Hence to adapt this existing printed form to the web, you have to abandon all hope of duplicating original typescript formatting. You have to design something native to the web, with its relatively weak semantics and pageless or single-page architecture.

Other print formats that need transformation

Armed with this knowledge, what are we going to do? Prediction: nothing. People will continue to fake the appearance of scripts and use John August–caliber presentational code. But we do have an alternative.

The case typified by screenplays is merely a new variation of the difficulty of encoding literature in XML. People have tried it time and time again over the years, but barely any DTD has gotten traction.

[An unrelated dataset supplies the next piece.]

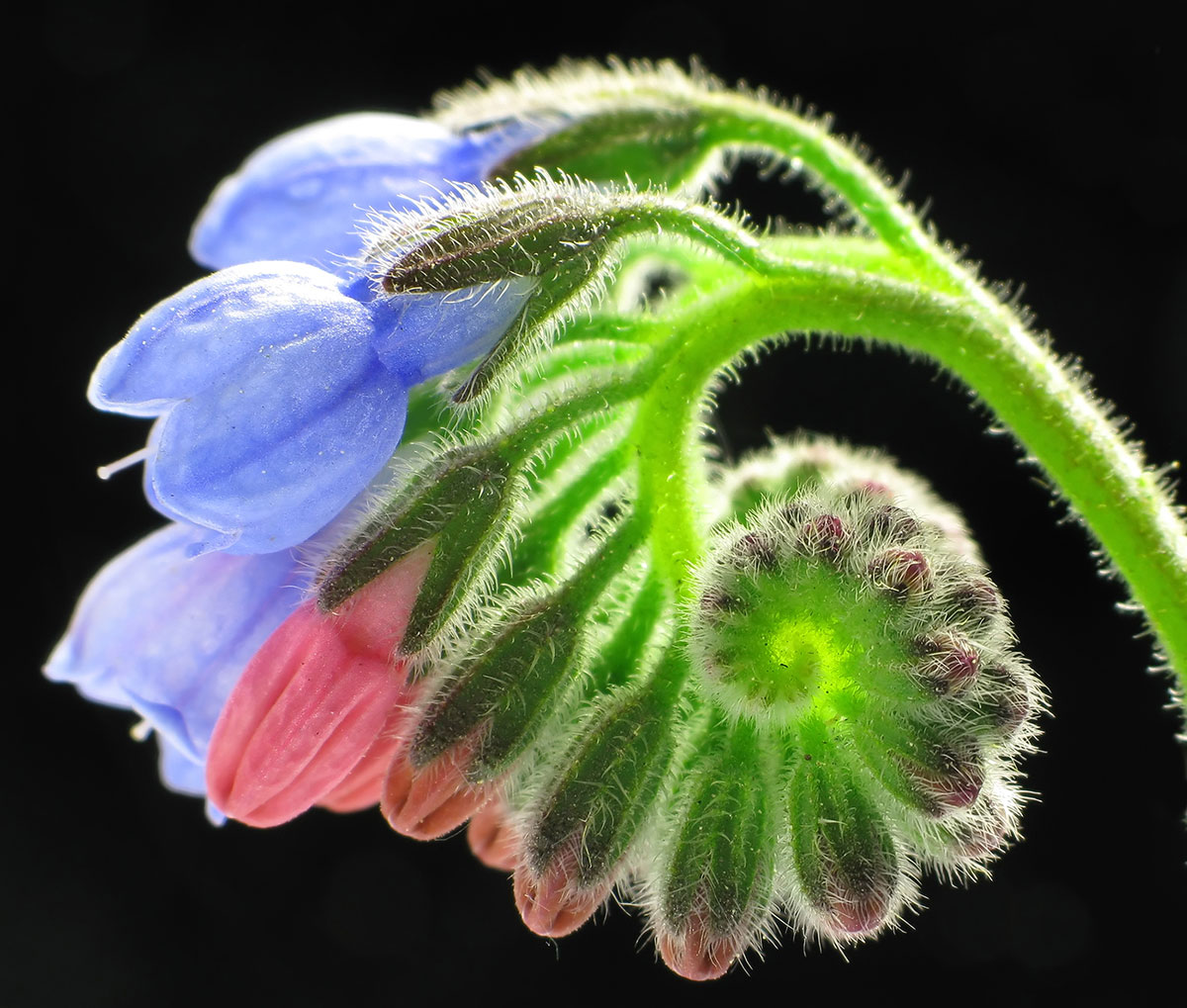Comfrey-flower-closeup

People just want to mark up everything in HTML (which has staying power). Ill-trained authors mark up everything as a paragraph or a DIV.

People seem to have taken the catchphrase “HTML is the lingua franca of the web” a bit too literally. HTML derives from SGML; XHTML is XML in a new pair of shoes. That’s four kinds of markup right there, but everybody acts as though there is only one kind, HTML. (Most of the time, browsers act like XTHML is HTML with trailing slashes.) Even electronic books are marked up as HTML, as the ePub file format is essentially XHTML 1.1 inside a container file—but that makes ePub files simultaneously HTML and XML. If we can spit those out, why can’t we spit out other kinds of XML?

We are well past the stage where browsers could not be expected to display valid, well-formed XML. Browsers can now do exactly that. Variant literary document types could actually work now. But because they languished on the vine for so long, now it seems nobody wants to make them work. After all, isn’t our new future wrapped up in HTML5? Just as our old future was wrapped up in XHTML2?

The web is, of course, a wondrous thing, but its underlying language lacks the vocabulary to express even the things that humans have already expressed elsewhere. We ought to accept that some documents have to be reformatted for the web, at least if the goal is using plain HTML. To give web documents the rich semantics of print documents, XML is finally a viable option.